New to python multiprocessing .
I have a task that involves hitting a webservice some million times and save response in a file (separate file for each request).
I have got the high-level working code but little confuse on couple of things.
-
What is the difference between following two syntaxes ?
pool = Pool(processes=4) pool.starmap(task, listOfInputParametersTuple)
and
with Pool(processes=4) as pool:
pool.map(task, listOfInputParametersTuple)
-
Is there a way to avoid reading the entire input file before starting the multiprocessing Pool? Basically, read each line and immediately spawn a pool task.
with open (list_of_ids, 'r') as infile: for id in infile: listOfInputParametersTuple.append( tuple ((id, queue, requestBodyTemplate)) pool.starmap(task, listOfInputParametersTuple)
-
In the task, I use a fairly large requestBodyTemplate and passed id to create a JSON request. This requestBodyTemplate variable is duplicated in each element of the input tuple. Is there a way to pass it to the
task
function outside of input-tuple. -
How do one ensure that all spawned tasks are finished before exiting the main program?
-
Any pointers on timing out the task if it is taking too long so to release the pool ?

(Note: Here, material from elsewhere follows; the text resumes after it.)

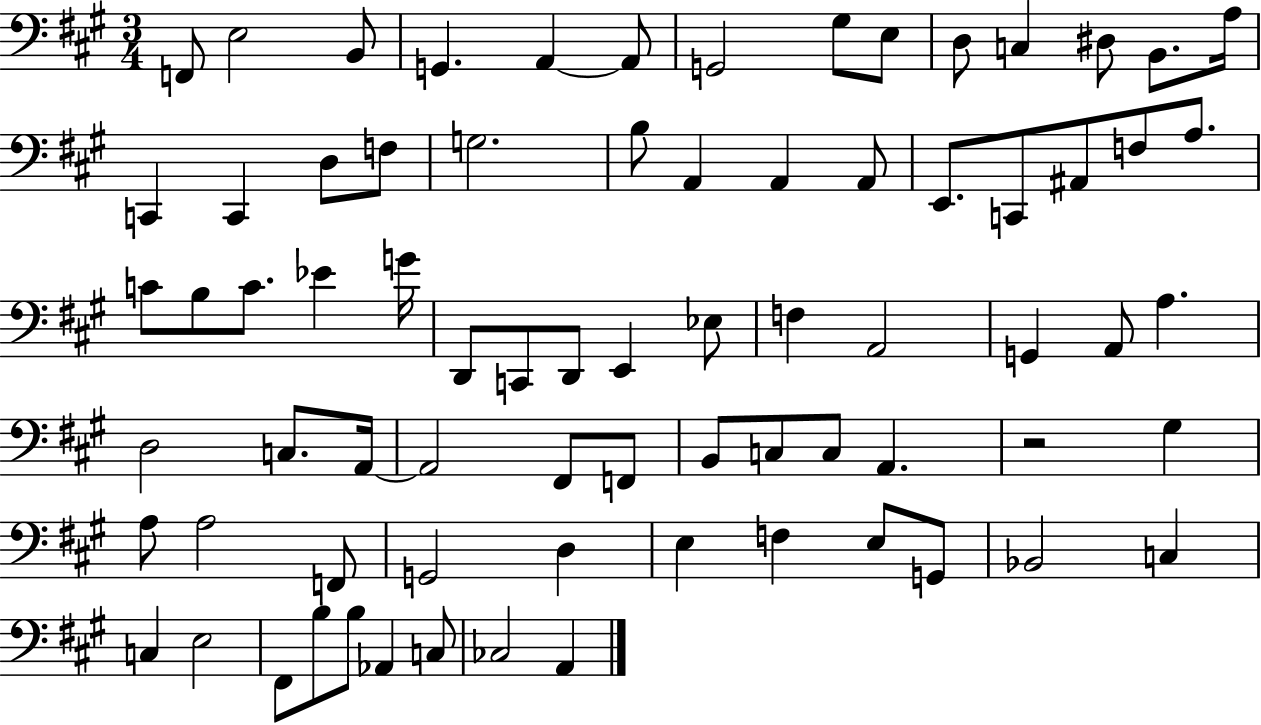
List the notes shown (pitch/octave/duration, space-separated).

Feel free to share any other suggestions you may have.
Thanks
Objective :
- Read a list of 1 million IDs from a file
- For each id, craft a JSON.
- Request a webservice with above created JSON. (takes few seconds to get response)
- Save output of response to a directory.
- Save status to a unified “status” file
Task –
def task(i,queue):
# get the current process
process = current_process()
# generate some work
s = random.randint(1, 10)
# block to simulate work
print (f"TASK function : {process} - sleep for {s} sec")
sleep(s)
data = f"{process} - sleep {s} sec - {i} - {queue}"
print (f"TASK function: {data}")
# put it on the queue
queue.put(data)
Main method –
def main ():
set_start_method('spawn')
pool = Pool(processes=4)
with open (list_of_ids, 'r') as infile:
for line in infile:
listOfInputParametersTuple.append( tuple ((line, queue , ))
requestBodyTemplate = getRequestBodyTemplateJSON()
# set the fork start method
# create the manager
with Manager() as manager:
# create the shared queue
queue = manager.Queue()
Process(target=listener, args=(queue,)).start()
print ("back in main after starting listener ")
# execute the tasks_i in parallel # use starmap to have multiple params
pool.starmap(task, listOfInputParametersTuple)
# pool.starmap(task, zip ( args_i, itertools.repeat(queue)))
pool.close()
pool.join()
# wait for all tasks to get over
sleep(10)
print ("n Sending None message to queue ")
queue.put(None)